Fight Big Cow!

Via Reason Roundup, a pretty funny advocacy ad, featuring the bewitching Aubrey Plaza:

Explanation:

Aubrey Plaza is the latest soldier in the ongoing labeling wars over alt milks. The actress stars in a new satirical ad campaign in which she encourages people to buy disgusting (fictional) "wood milk" instead of the standard dairy variety. At least, that is, until she tastes it.

"Is wood milk real? Absolutely not. Only real milk is real," she says.

The ad, funded by milk processors, is a clear swipe at milks made from almonds, soy, and oats. While funny, it's also part of a broader regulatory campaign by the dairy industry to prevent alternative milk makers from using the word milk on their packaging. The Food and Drug Administration issued new rules in February allowing these non-dairy milk producers to use the word milk while also encouraging them to include nutritional comparisons between their products and the dairy variety.

I suppose I have to come down on one side or another? Please imagine I have some boilerplate here about a politically powerful industry waging war against competitors by enlisting the iron fist of regulatory agencies.

Still: funny ad.

Briefly noted:

  • And it's gonna be awesome. Kevin D. Williamson is gloomy about the prospects of the citizens of the richest countries on earth freezing to death in the dark: Winter Is Coming.

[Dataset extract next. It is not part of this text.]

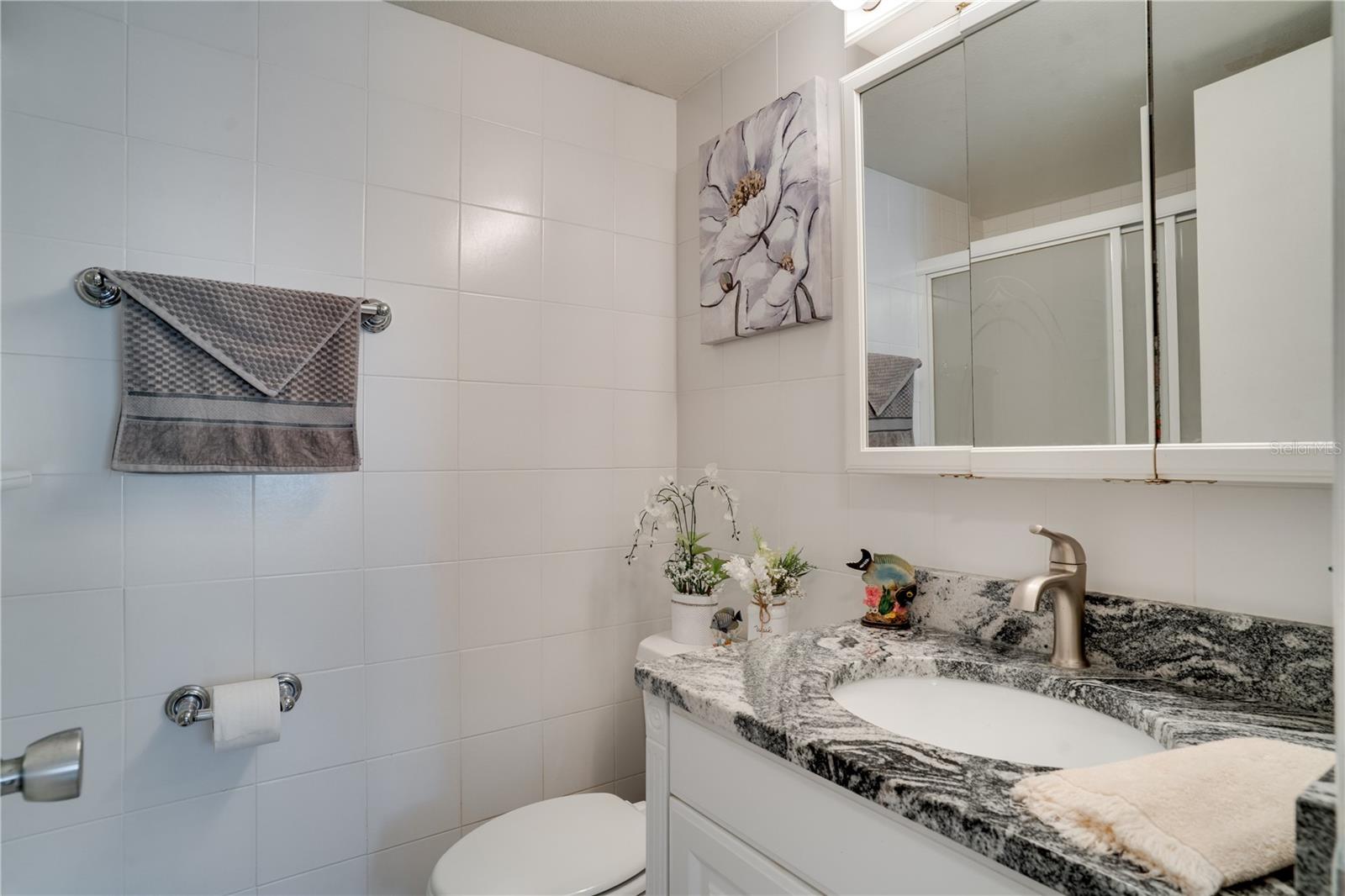 117 E CYPRESS CT #117 — photo 16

    Europe dodged a bullet this past winter, as a combination of factors—unusually mild weather (thanks, global warming!), reasonably nimble policy realism, and shiploads of liquified natural gas from the United States—went a long way toward counteracting the effects of Vladimir Putin’s energy war on Ukraine’s allies in the European Union. Only a few months ago, European governments from France to Finland were warning their citizens about the possibility of rolling winter blackouts. In Germany—home to what is arguably the world’s most technologically advanced manufacturing economy—people worried about blackouts sent candle sales soaring, while public-broadcasting stations spent months warning their listeners against building makeshift ovens to heat their homes.

    The specter of the people of Germany—makers of Leica cameras and Siemens locomotives—shivering in the dark was scandalous even if averted. It was and is a scandal because the reliance of Germany on Russian gas exports was neither accidental nor inevitable. Neither was the vulnerability of the energy markets in much of the rest of Europe. The winter of 2022-23 has passed, but European energy vulnerability remains a problem, and it is a problem that was made not in Moscow but in Brussels and in European capitals from Amsterdam to Zagreb.

    KDW makes a point about the mindset of the folks in charge:

    As I observed at the U. N. climate conference in Glasgow, European policymakers and intellectual leaders are in thrall to a phenomenon that is somewhere between a fad and a religious revival—consulting spiritual gurus, conducting indigenous rituals, and speaking in reverential tones about “net zero.” This is not strictly related to the question of how serious a challenge you believe climate change to be: I myself believe that climate change is a serious threat, and, more consequentially, so do the people at the Intergovernmental Panel on Climate Change. Net zero calls for a prelapsarian state in which “all GHG emissions”—that’s “greenhouse-gas” emissions—“released by human activities are counterbalanced by removing GHGs from the atmosphere,” as the World Resources Institute puts it. That net zero should be our shared goal is taken as something like an article of faith—but why? The IPCC estimates that a reduction in GHG emissions somewhere between 43 percent and 45 percent is needed to keep global warming to about 1.5°C, the stated goal of the Paris Agreement. That would be a very big deal, indeed, but nothing like what it would take to achieve net zero—and it is the absolutism and finality of that zero that demonstrates that you are dealing with ideology run amok or a quasi-mystical mania rather than responsible policymaking.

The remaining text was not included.